Un precioso paseo por la aldea de Los Alejos y su entorno
“Los Alejos es tan pequeño, que no viene ni en el mapa, pero bebiendo vino, nos conoce hasta el Papa”; así reza unos de los refranes de esta localidad del municipio español de Molinicos (Albacete), situada en el valle del río Mundo, comarca de la Mancomunidad de municipios de la Sierra del Segura y de la Comunidad Autónoma de Castilla-La Mancha.
Fundada por la familia de un tal Alejo, del cual toma el nombre, que vivía por ese lugar y empleaba el agua del río para regar sus huertas y como fuerza motriz para sus molinos y batanes. Tradicionalmente han sido la agricultura y la ganadería los principales motores económicos de esta población, aunque en los últimos años el sector turístico va cogiendo auge con la creación de varias casas rurales.
Según la normativa pesquera de Castilla-La Mancha, es coto "especial" de unos 6 km, donde se pesca sin muerte especialmente truchas. La población se compone de dos núcleos, el de arriba “La Solana” y el principal “Los Alejos” ubicado sobre una toba calcárea con cascada incluida.

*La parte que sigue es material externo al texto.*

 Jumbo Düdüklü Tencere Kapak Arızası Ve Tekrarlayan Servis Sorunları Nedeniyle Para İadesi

Accedemos desde la carretera CM-412 de Elche de La Sierra a Riopar, tomando el ramal AB-5015 hacia La Pinilla y Los Alejos, aparcamos pasada la población a la derecha en el primer cruce (38°30'47.90"N 2°14'51.44"W).
Partimos caminando desde la pista hacia la vera del Río Mundo,
el sendero orillado a su ribera, nos muestra un aprisco y los restos de un antiguo molino.

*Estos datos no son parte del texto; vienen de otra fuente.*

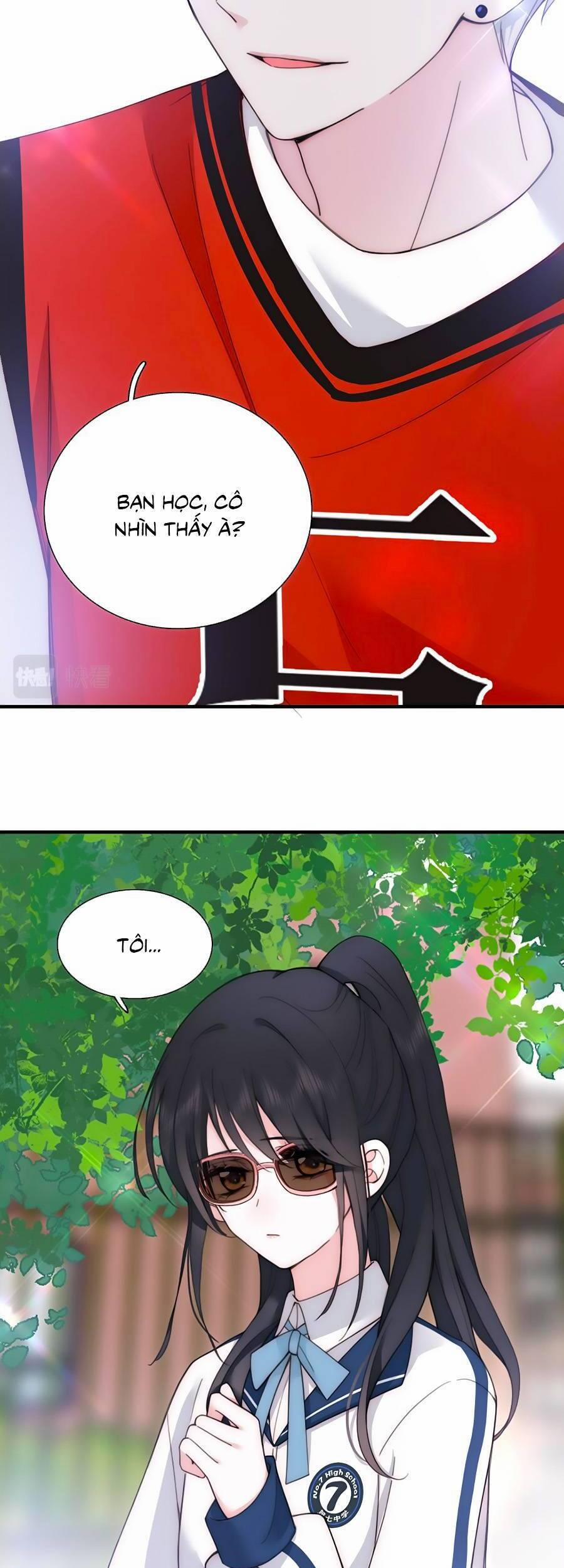 Vẫn Cứ Nuông Chiều 7 trang 23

Cruzamos el puente encementado parcialmente obstruido por troncos y ramajes;
caminando por el margen opuesto hasta la carretera donde transcurre la ruta senderista (Sendero MO-03) por el entorno; cruzamos por el antiguo puente colgante de madera,
fue durante muchos años, la única vía de comunicación entre ambos barrios; a nuestra izquierda vemos una higuera junto a una fuente.

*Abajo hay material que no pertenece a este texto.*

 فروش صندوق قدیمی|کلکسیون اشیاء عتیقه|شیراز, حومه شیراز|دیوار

Por pista encementada, nos dirigimos bajo las casas del pueblo a su base tobácea
con la cascada;
al deslizarse por el suelo las aguas se cargan de carbonato cálcico debido a la actividad biológica de vegetales y bacterias, habiendo disuelto las rocas calcáreas del acuífero durante su trayecto.
Cuando el apoyo vegetal muere y desaparece, deja el hueco que antes ocupaba vacío, de ahí la porosidad de aspecto cavernoso que presenta la toba.
Retrocedemos para entrar en la pedanía de Los Alejos, cruzamos la aldea y el puente sobre el Barranco del Andrejil, dejamos atrás algunas viviendas dispersas; la pista se hace sendero con altibajos,
adentrándose en una zona selvática, donde el exultante bosque de ribera nos deleita con un paraje de umbría y vergel extraordinarios.
Bajo Los Tormos, continuamos por el pinar y la desaparecida Fuente Mateo, escoltados por las rápidas aguas del Río Mundo, mientras observamos a las trepadoras ramificarse abrazando chopos, pinos y roquedo;
alcanzamos la pista que nos baja a la misma orilla del río, donde hacemos una paradita para tomar el mantente.
De vuelta a la pista, toca volver por el mismo sendero de la ida.
Vemos dos casas abandonadas
volvemos a pasar por la aldea y su calle principal; tras amena charla con una vecina del lugar y comprar un surtido a la panadera, caminamos en ligero ascenso, vemos una fuente de dos caños, unas casas rurales muy apañadas y el Monumento a La Cruz
antes de alcanzar el cercano aparcamiento.